Additionally, GPX3 directly interacts with SLC40A1 (ferroportin), an iron exporter critical for preventing iron-catalyzed oxidative damage, connecting iron homeostasis with antioxidant defense in granulosa cells. Interactions between GPX3 and both THBS1 and F3 suggest linkages between oxidative stress and PCOS-related coagulation and inflammatory pathways. Additionally, the associations with extracellular matrix proteins COL1A1 and CCN2 indicate involvement in oxidative stress-induced matrix remodeling. The connection with GDNF suggests novel neuroendocrine regulatory mechanisms influenced by oxidative status in PCOS pathophysiology.
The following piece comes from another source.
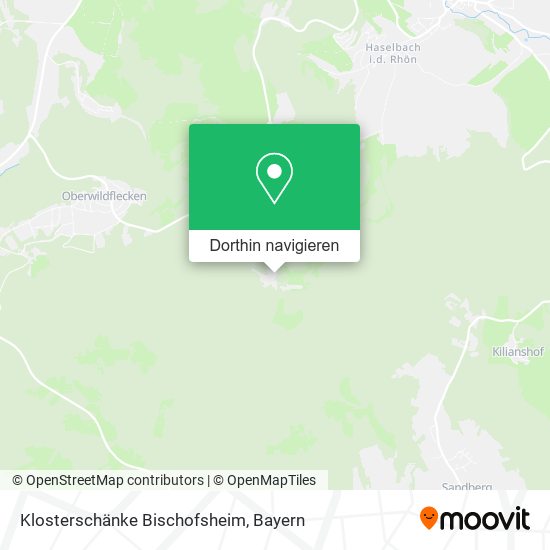 Klosterschänke Bischofsheim Karte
Our miRNA-mRNA interaction analysis identified several microRNAs potentially regulating GPX3 expression, including has-miR-4644, hsa-miR-4306 and hsa-miR-185-5p, both predicted with high confidence scores. Further exploration through miRNA-lncRNA association analysis uncovered a complex layer of epigenetic regulation, with multiple long non-coding RNAs (lncRNAs) including XIST, UCA1, SNHG14, AC073896.4, MALAT1, NEAT1, and AC005082.1 potentially modulating these miRNA-mediated effects on GPX3 expression.

Transcription factor binding site analysis revealed that GPX3 expression may be regulated by several key transcription factors implicated in ovarian function, including SREBF1, HINFP, E2F1, STAT3, PPARG, MEF2A, FOXL1, and JUND. This suggests multiple potential mechanisms for transcriptional dysregulation of GPX3 in PCOS pathogenesis.

Furthermore, drug-gene interaction queries identified several compounds potentially targeting the GPX3-associated pathway, including DOXORUBICIN HYDROCHLORIDE, DAUNORUBICIN LIPOSOMAL, CL_AMIDINE, and COMPOUND 14B, providing potential therapeutic avenues for further investigation. Collectively, this integrative analysis positions GPX3 within a complex regulatory network essential for redox homeostasis in ovarian function, with multiple layers of regulation that may be disrupted in PCOS pathophysiology.